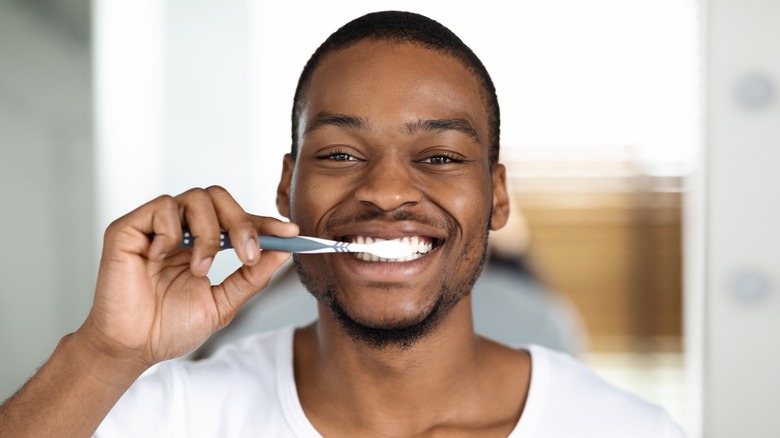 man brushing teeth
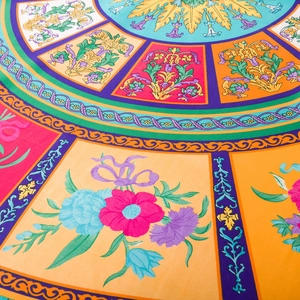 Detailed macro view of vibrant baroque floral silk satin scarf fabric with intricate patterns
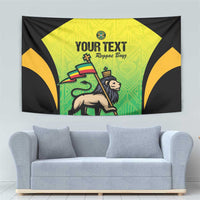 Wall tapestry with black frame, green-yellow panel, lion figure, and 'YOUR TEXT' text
= = = =
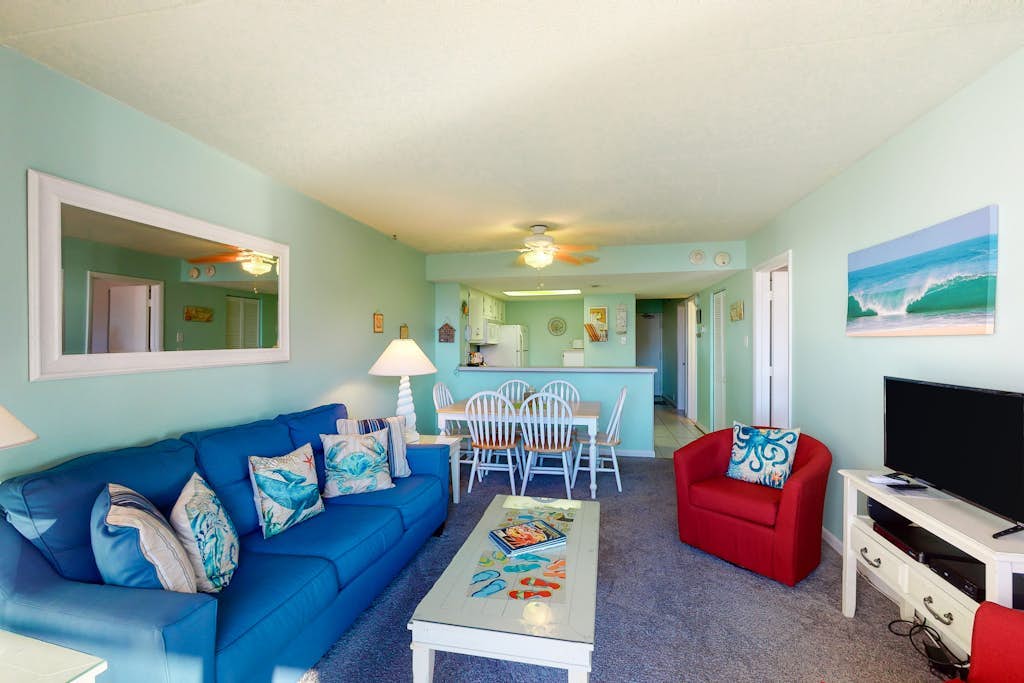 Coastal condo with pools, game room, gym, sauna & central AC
= = = =
:: Exercise brief ::
When you reach the line that has "man brushing teeth" in the data above, start repeating lines exactly, and stop after the line that has "Wall tapestry with"; pictures stay out.

:: Reply to the exercise ::
 man brushing teeth
 Detailed macro view of vibrant baroque floral silk satin scarf fabric with intricate patterns
 Wall tapestry with black frame, green-yellow panel, lion figure, and 'YOUR TEXT' text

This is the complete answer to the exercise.